Although Ukraine’s external borders are embedded in an overarching historical narrative, they do not reflect on all histories of the region’s territorial units. “Historical regions” are often evoked to construct links across today’s state borders: Bukovina is split between Ukraine and Romania, Transcarpathia between Ukraine and Hungary, and Galicia between Ukraine and Poland. Given the complicated territorial history of modern Ukraine and the inconsistent and insufficient outcome of its nation-building project, it is no surprise that territorial claims reaching far back into history are used for political purposes.

The Hungarian-Ukrainian border is a prime example of the intricacy of border regimes, which are particularly complex in and around Ukraine. The country borders four members of the European Union (EU) and two of the Eurasian Economic Union (EEU). These supranational organisations represent competing concepts of personal and economic freedom and mobility that come up against each other in border regions. Between these competing regimes are Moldova and Transnistria.
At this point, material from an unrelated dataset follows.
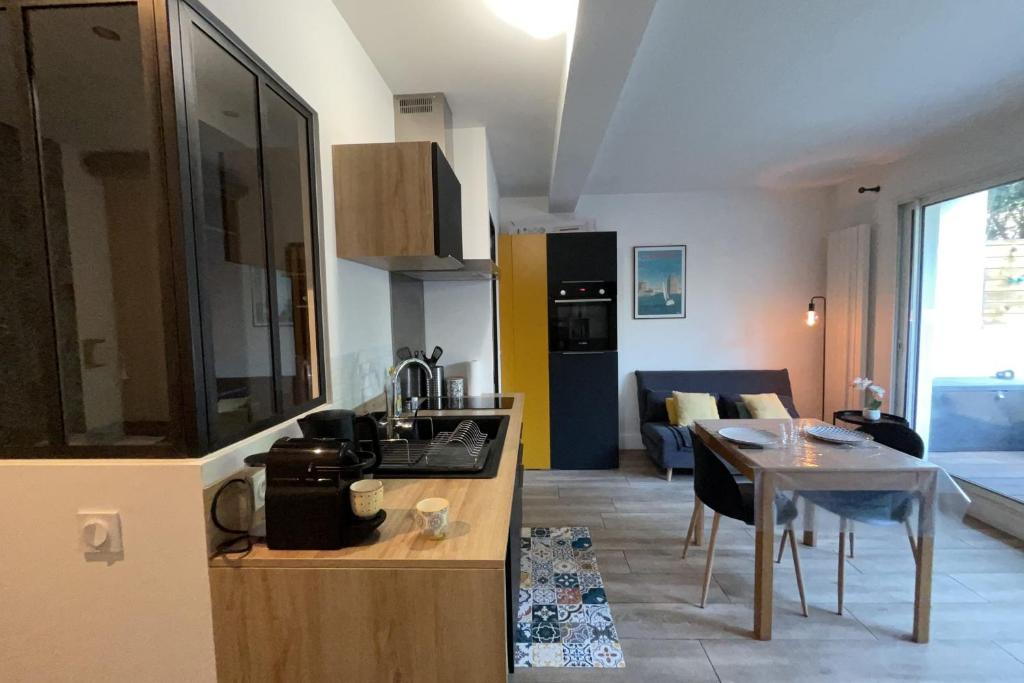 Apartment with warm and refined garden - 5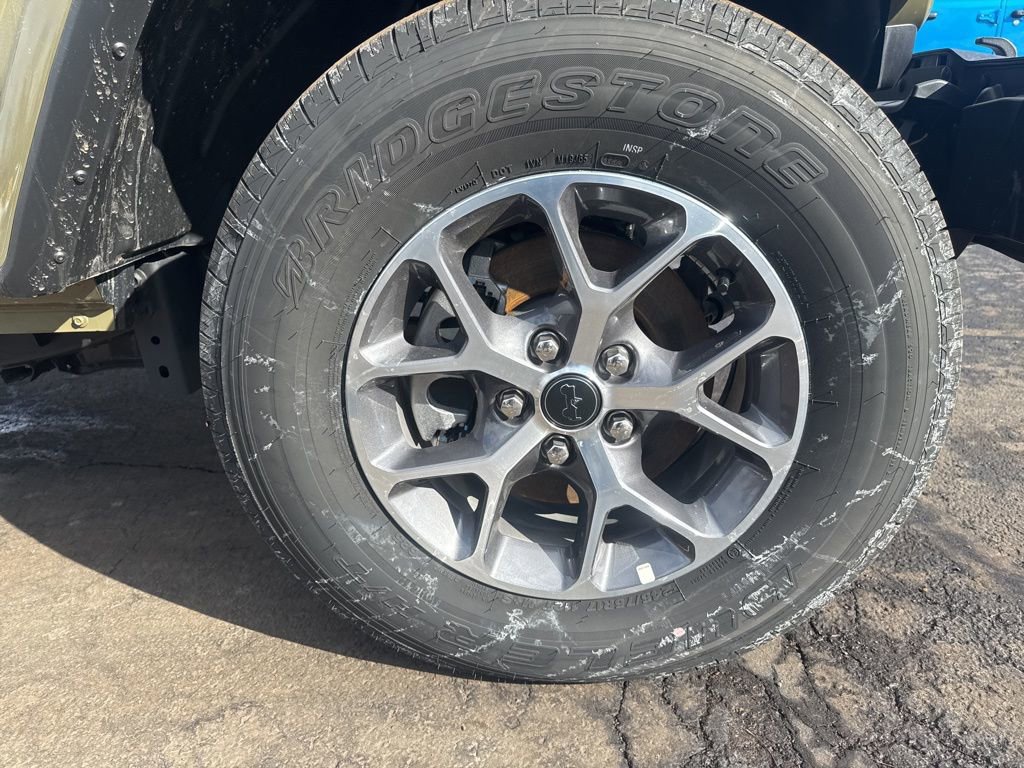 New 2025 Jeep Gladiator Sport image 17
The EU’s and EEU’s expansions of their interests have led to conflicts that make a stable territorial order difficult to reach and keep the situation in flux.

Constantly evolving borders in the post-Soviet space

To understand the post-Soviet space, it is essential to consider not only past experiences, recent processes, and border disputes but also power struggles between supranational organisations. Here, as in any other conflict-affected area, most public opinions are bound up with historical, social, cultural, and economic narratives. These narratives seem to provide an air of historical inevitability or injustice that hides political agendas. They also cut through interdependent spaces, impeding interaction and transforming border regions from zones of contact into zones of conflict.


Sabine von Löwis is a social geographer and senior researcher at ZOiS.